Problem to solve -
In the records below, find the line with "Photo of 516" and the line with "K24A, ������ ������ 57470S9A003 ����". Print both exactly, along with every line between them, and no other line.

[Input data]

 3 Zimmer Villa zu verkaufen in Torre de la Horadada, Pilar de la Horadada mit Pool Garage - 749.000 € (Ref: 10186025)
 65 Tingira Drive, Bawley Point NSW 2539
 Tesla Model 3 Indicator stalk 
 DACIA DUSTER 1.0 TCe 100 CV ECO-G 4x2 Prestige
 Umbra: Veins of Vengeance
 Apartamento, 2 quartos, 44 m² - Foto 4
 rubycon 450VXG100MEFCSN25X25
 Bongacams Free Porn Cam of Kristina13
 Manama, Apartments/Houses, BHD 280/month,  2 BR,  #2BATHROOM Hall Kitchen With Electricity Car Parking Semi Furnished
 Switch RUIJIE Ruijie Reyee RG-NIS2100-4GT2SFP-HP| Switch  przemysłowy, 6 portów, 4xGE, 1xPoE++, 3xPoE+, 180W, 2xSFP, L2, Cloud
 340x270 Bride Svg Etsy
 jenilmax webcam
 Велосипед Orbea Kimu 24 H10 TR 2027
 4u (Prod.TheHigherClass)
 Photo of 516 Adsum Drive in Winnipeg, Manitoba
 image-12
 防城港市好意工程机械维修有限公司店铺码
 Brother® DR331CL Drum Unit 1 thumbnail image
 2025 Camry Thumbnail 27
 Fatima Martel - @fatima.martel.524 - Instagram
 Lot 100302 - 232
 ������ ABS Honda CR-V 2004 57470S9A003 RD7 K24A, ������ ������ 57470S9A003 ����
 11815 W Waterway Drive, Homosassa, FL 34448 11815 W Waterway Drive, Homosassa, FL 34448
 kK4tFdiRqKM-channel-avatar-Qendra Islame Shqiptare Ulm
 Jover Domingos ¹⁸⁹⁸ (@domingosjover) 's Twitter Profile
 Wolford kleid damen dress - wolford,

[/Input data]

Output of the task -
 Photo of 516 Adsum Drive in Winnipeg, Manitoba
 image-12
 防城港市好意工程机械维修有限公司店铺码
 Brother® DR331CL Drum Unit 1 thumbnail image
 2025 Camry Thumbnail 27
 Fatima Martel - @fatima.martel.524 - Instagram
 Lot 100302 - 232
 ������ ABS Honda CR-V 2004 57470S9A003 RD7 K24A, ������ ������ 57470S9A003 ����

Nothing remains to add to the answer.